◆ Task details: Give the listing again word for word. Leave every image out.

··········

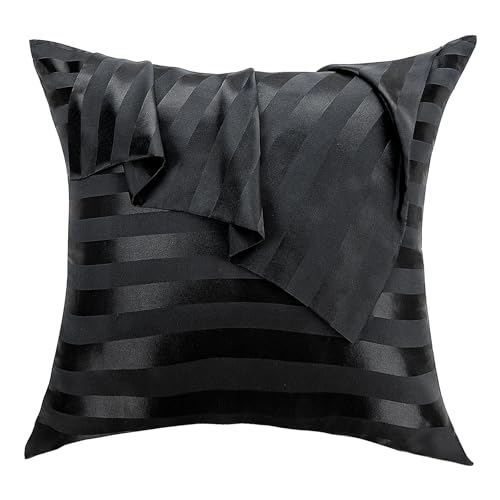 Lirex 2er Set Satin Kissenbezug 80x80cm mit Reißverschluss, Weich wie Seiden Kissenbezüge, Satin Kopfkissenbezug Kissenhülle für Haar und Haut Kommt, Schwarz Streifen Lirex 2er Set Satin Kissenbezug 80x80cm mit Reißverschluss, Weich wie Seiden Kissenbezüge, Satin Kopfkissenbezug Kissenhülle für Haar und Haut Kommt, Schwarz Streifen von Lirex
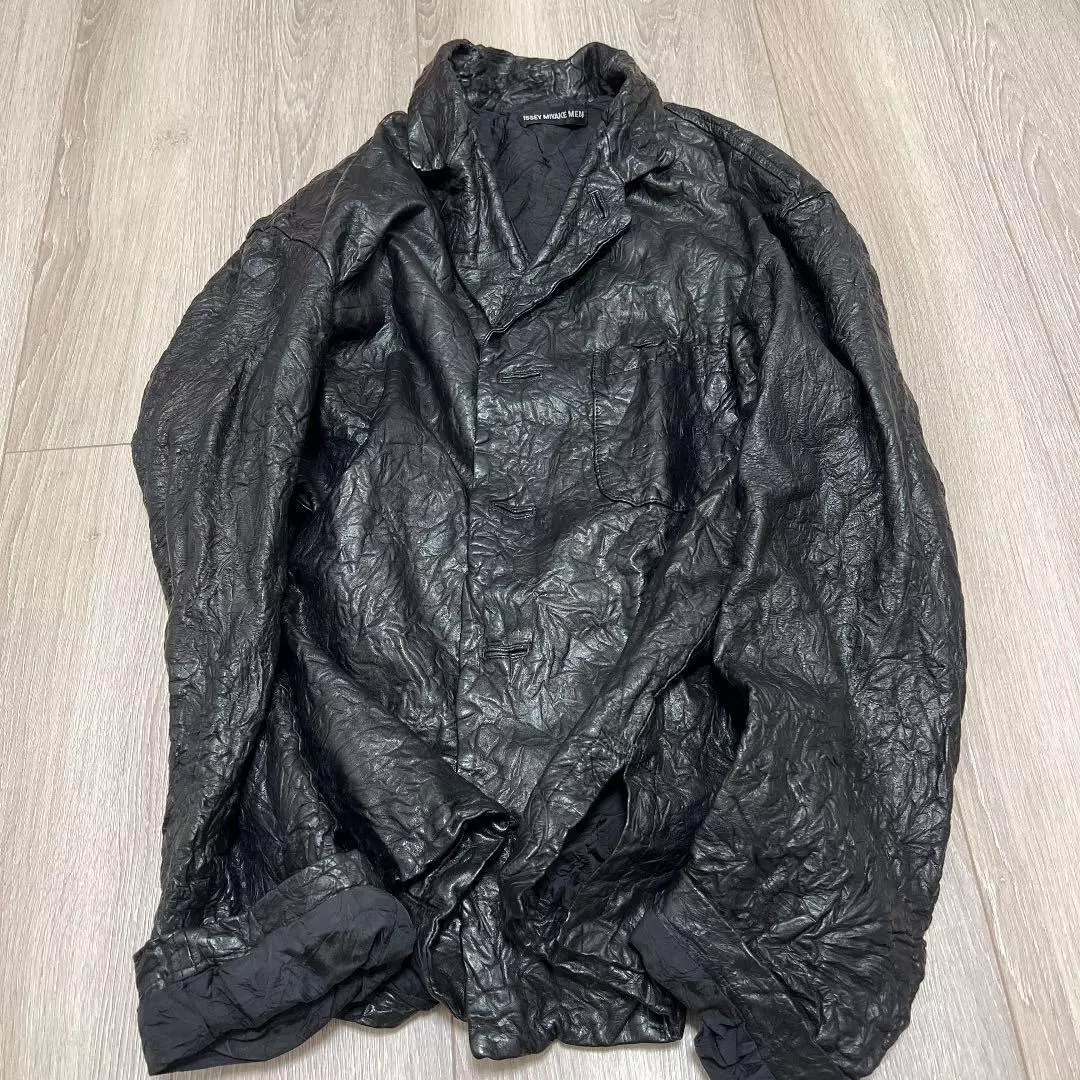 ISSEY MIYAKE Men Leather Jacket Size L CRASH PROCESSING Rare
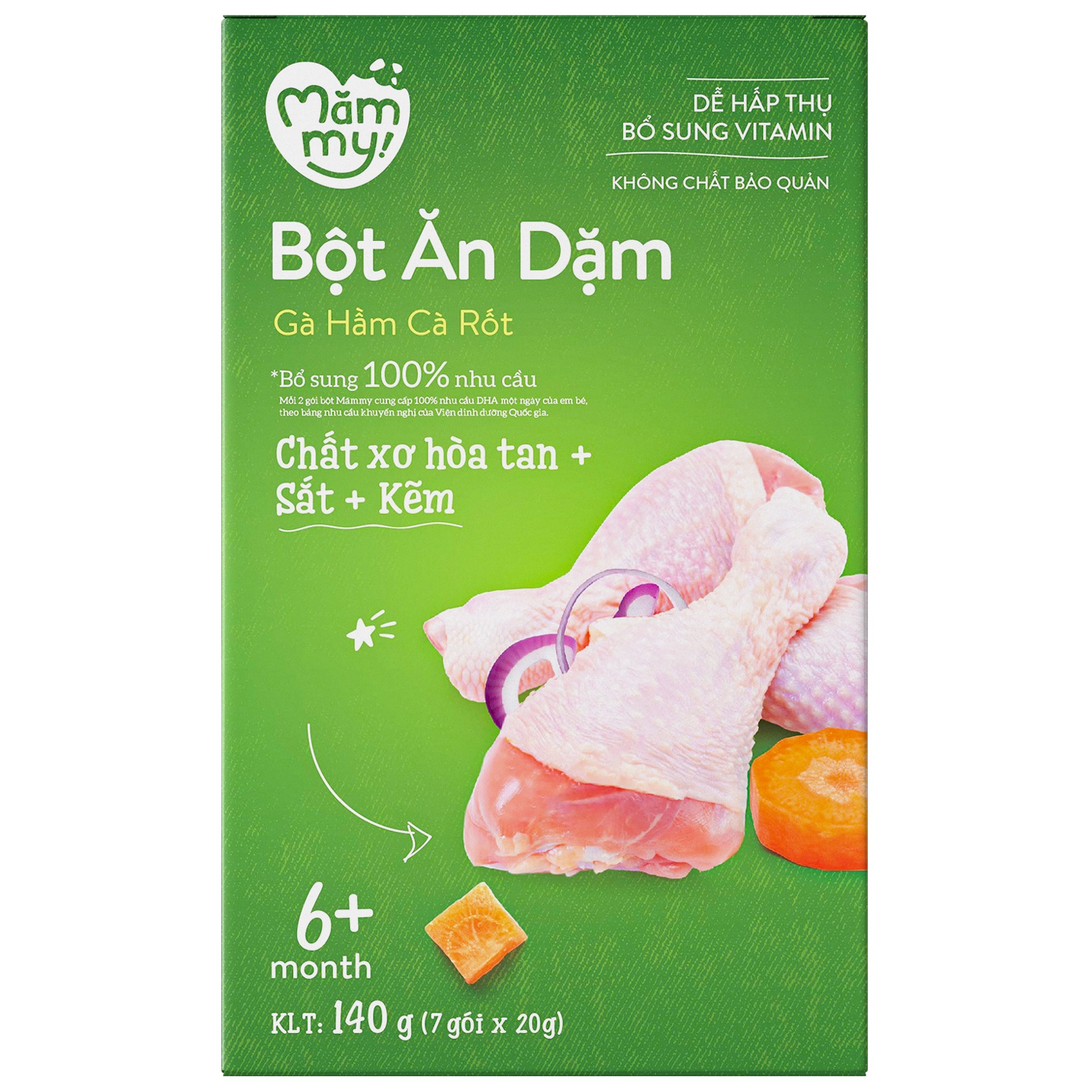 Bột ăn dặm Mămmy gà hầm, cà rốt 140g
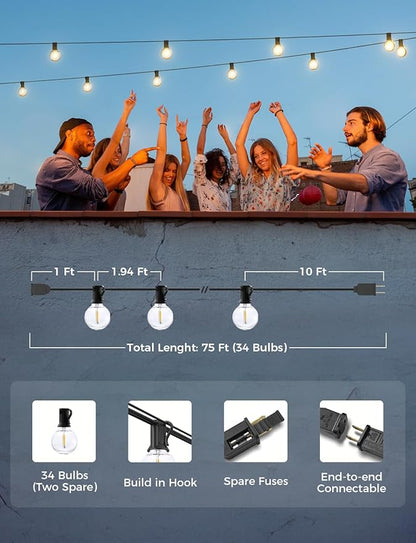XMCOSY+ Smart Outdoor String Lights, 75Ft G40 Globe Patio Lights - Image 6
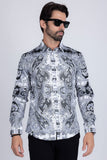 Barabas Wholesale Men's Paisley rhinestone Printed Button Down Dress Shirt SPR10 Black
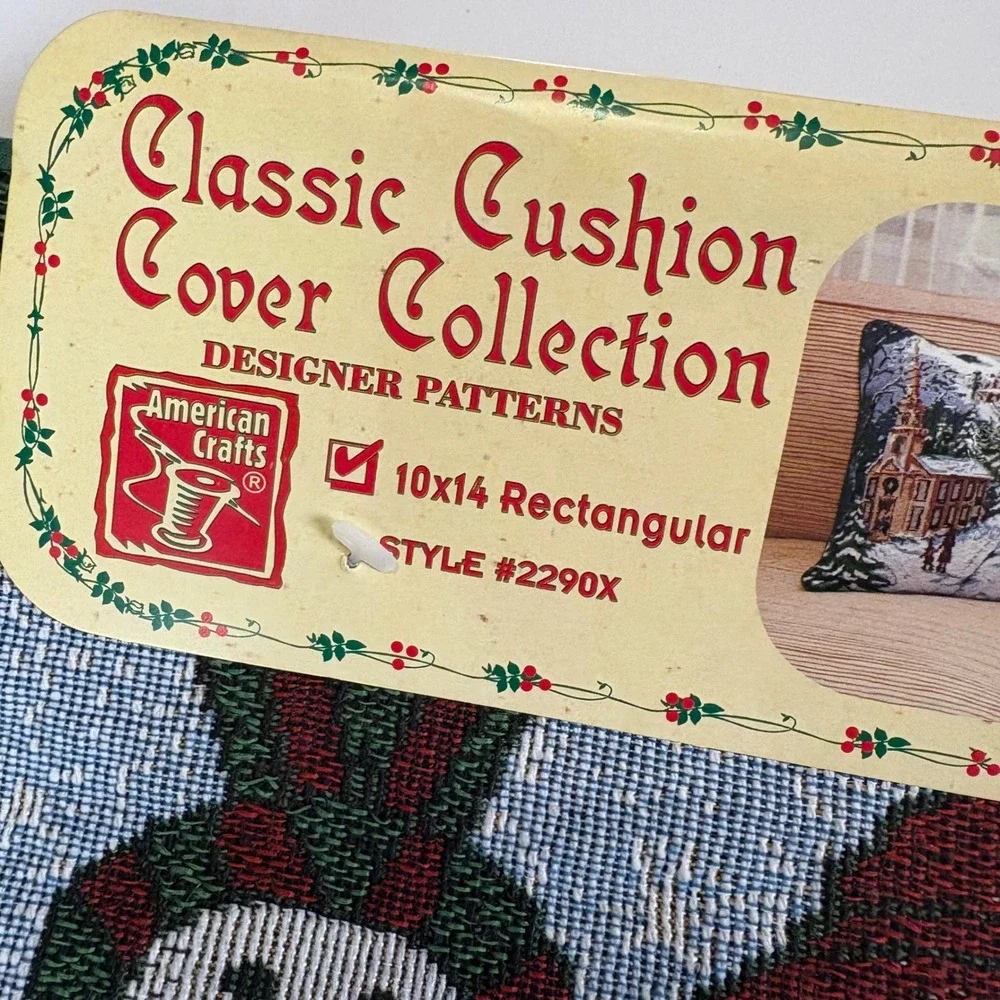 Vintage American Crafts Tapestry Pillow Cover 10x14 Rectangle Snowmen Presents‎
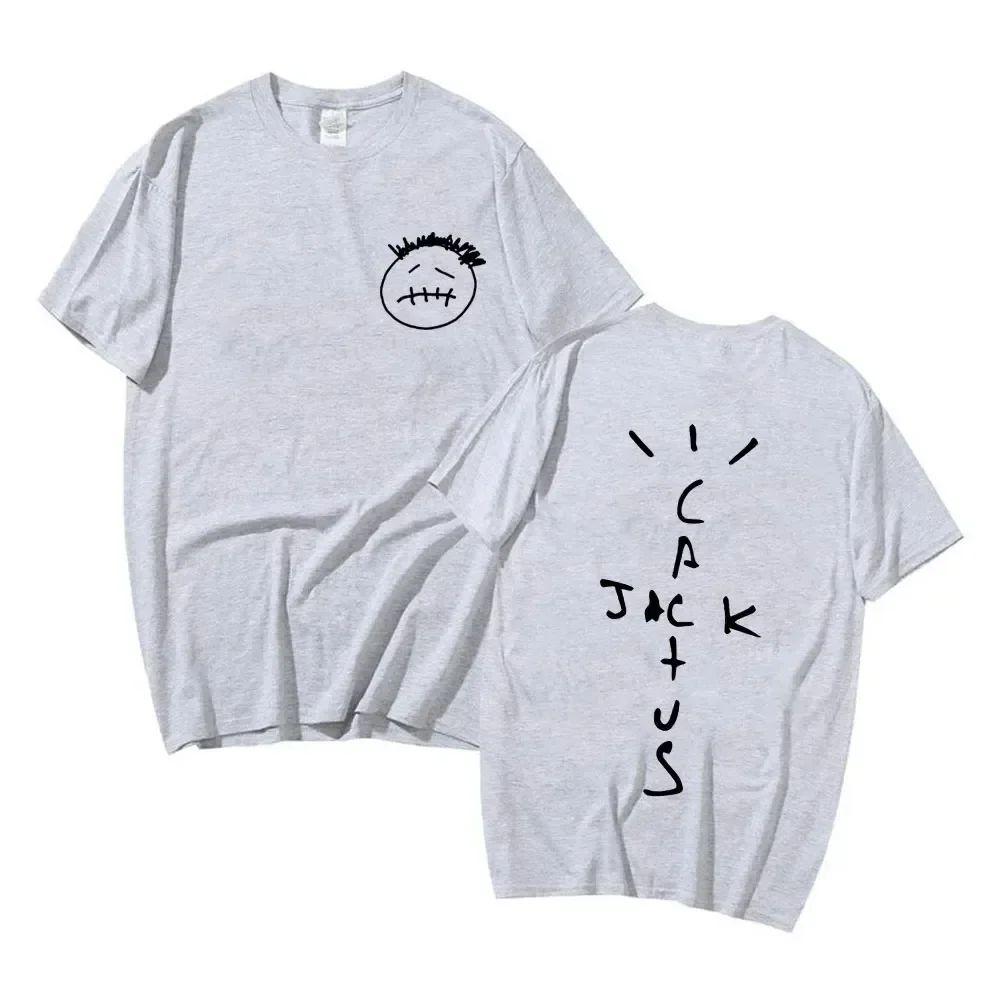 Fashion Hip Hop T Shirt Casual Short Sleeve T-shirt Rapper Cactus Jack Music Album T Shirt Casual Loose Tops Aesthetic Clothes
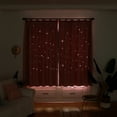 thumbnail image 3 of Romantic Eyelet Ring Top/Hooks Double-layer Tulle Sheer + Blackout Curtains Hollow-Out Stars Room Darkening Starry Curtain Lady Women Kids Girls Children Bedroom Decor, 3 of 8
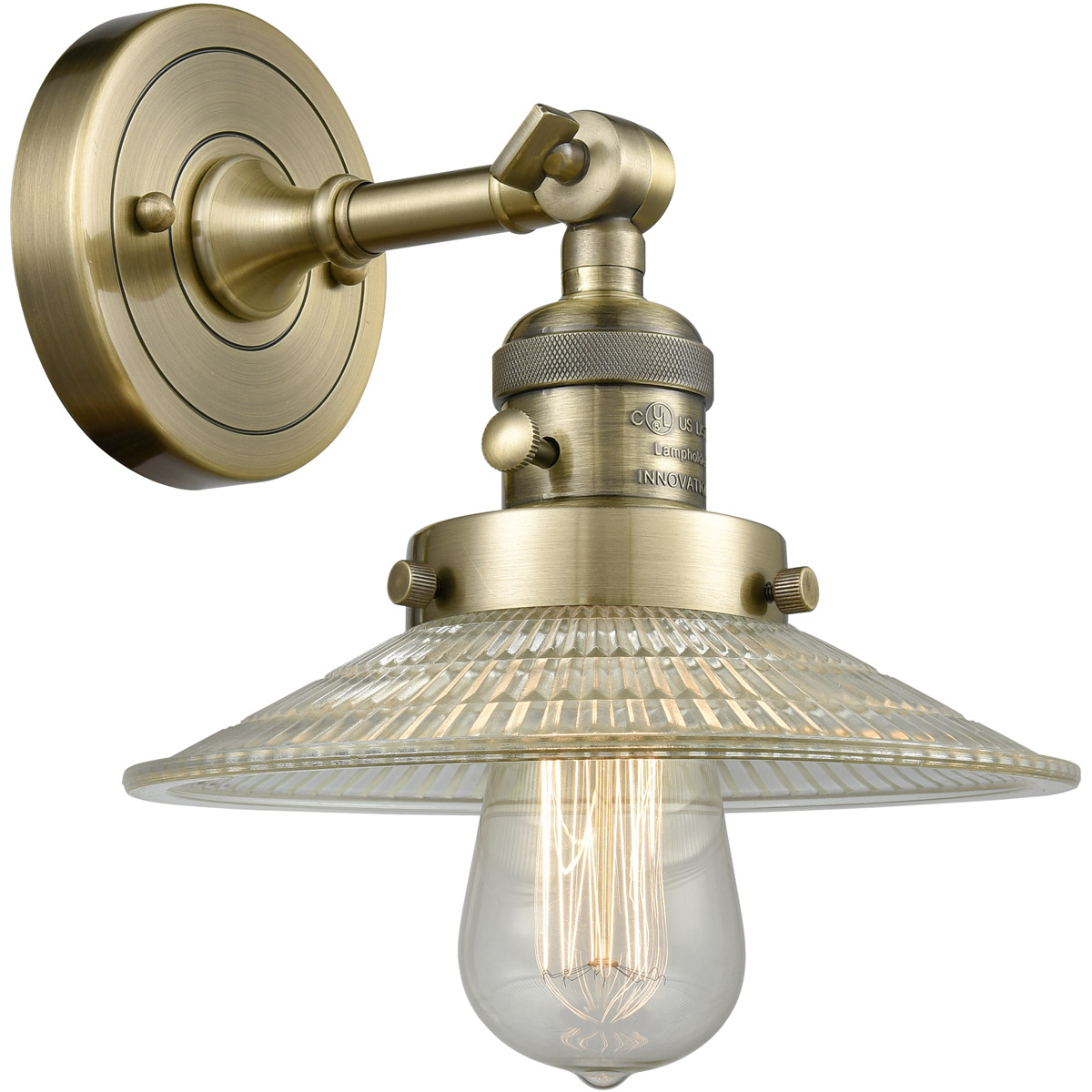 Franklin Restoration Halophane LED 9 inch Antique Brass Sconce Wall Light, Franklin Restoration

··········

◆ Task solution:
 Lirex 2er Set Satin Kissenbezug 80x80cm mit Reißverschluss, Weich wie Seiden Kissenbezüge, Satin Kopfkissenbezug Kissenhülle für Haar und Haut Kommt, Schwarz Streifen Lirex 2er Set Satin Kissenbezug 80x80cm mit Reißverschluss, Weich wie Seiden Kissenbezüge, Satin Kopfkissenbezug Kissenhülle für Haar und Haut Kommt, Schwarz Streifen von Lirex
 ISSEY MIYAKE Men Leather Jacket Size L CRASH PROCESSING Rare
 Bột ăn dặm Mămmy gà hầm, cà rốt 140g
XMCOSY+ Smart Outdoor String Lights, 75Ft G40 Globe Patio Lights - Image 6
 Barabas Wholesale Men's Paisley rhinestone Printed Button Down Dress Shirt SPR10 Black
 Vintage American Crafts Tapestry Pillow Cover 10x14 Rectangle Snowmen Presents‎
 Fashion Hip Hop T Shirt Casual Short Sleeve T-shirt Rapper Cactus Jack Music Album T Shirt Casual Loose Tops Aesthetic Clothes
 thumbnail image 3 of Romantic Eyelet Ring Top/Hooks Double-layer Tulle Sheer + Blackout Curtains Hollow-Out Stars Room Darkening Starry Curtain Lady Women Kids Girls Children Bedroom Decor, 3 of 8
 Franklin Restoration Halophane LED 9 inch Antique Brass Sconce Wall Light, Franklin Restoration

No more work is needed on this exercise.